The Problem: Commission-Driven Switching

The problem: Insurers lure customers away from competitors and incentivize this through commissions. For intermediaries, this promises a lucrative business despite the commission cap in PKV. However, the policyholder often fares better with a tariff change within the same provider rather than a switch to a new one: In a tariff change, they retain all aging provisions instead of only the proportional ones (oriented to the basic tariff).

Although acquisition costs are not only for commissions but also for investments in digital infrastructure, etc., current key figures point to a correlation between high acquisition costs and successful customer switches. Some insurers reportedly spend comparatively more money to lure customers away from other insurers.
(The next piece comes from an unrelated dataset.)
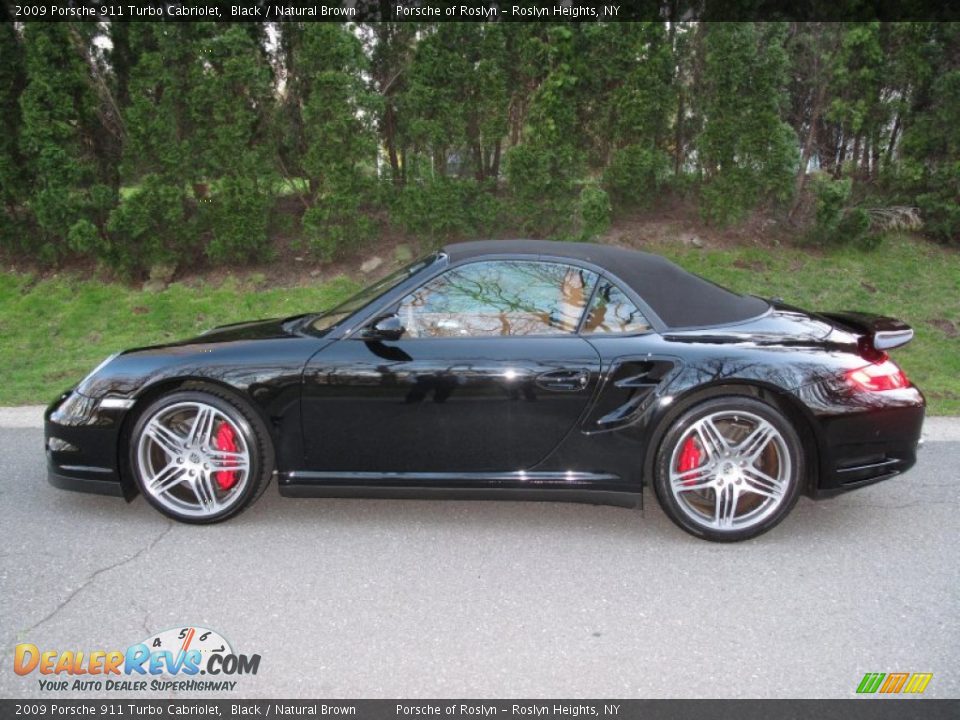 Black 2009 Porsche 911 Turbo Cabriolet Photo #3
This is supported, for example, by a striking correlation between the success of the switching winners on one hand and their high acquisition cost ratios on the other.
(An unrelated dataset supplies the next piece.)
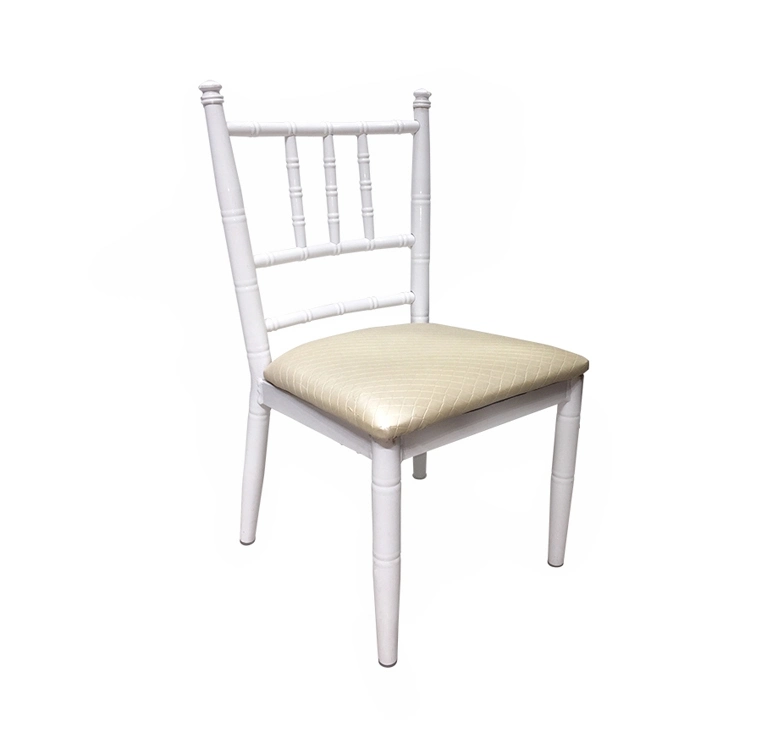 Wholesale Stackable Metal Pure White Tiffany Kids Chair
Stagnating Market Demand Fuels Competition

A reason for this commission-fueled switching competition could be stagnating market demand. At least, insurance expert Matthias Beenken advocates this thesis: For years, significant growth in private health insurance could only be achieved by taking existing customers away from competitors. Key figures support this thesis. The PKV stock of full-coverage policies has remained at the same level for years and even decreased by 0.1 percent in 2020.

Only seven insurers were able to increase their stock by more than 1,000 full-coverage policies last year. Notably, these are the same insurers that are particularly successful in the switching competition. The only exception is the market leader Debeka, which, with an acquisition cost ratio of 4.14 percent, is still below the industry average (6.29 percent).

The Role of Exclusive Distribution Channels

Matthias Beenken also posits in Versicherungsmagazin that exclusivity is the distribution channel that most frequently motivates switches. Accordingly, insurers focused on exclusive distribution would be among the net winners of switching. This fits: New business in private health insurance is largely determined by exclusive distribution. Exclusivity accounted for 56.4 percent of new business in private health insurance.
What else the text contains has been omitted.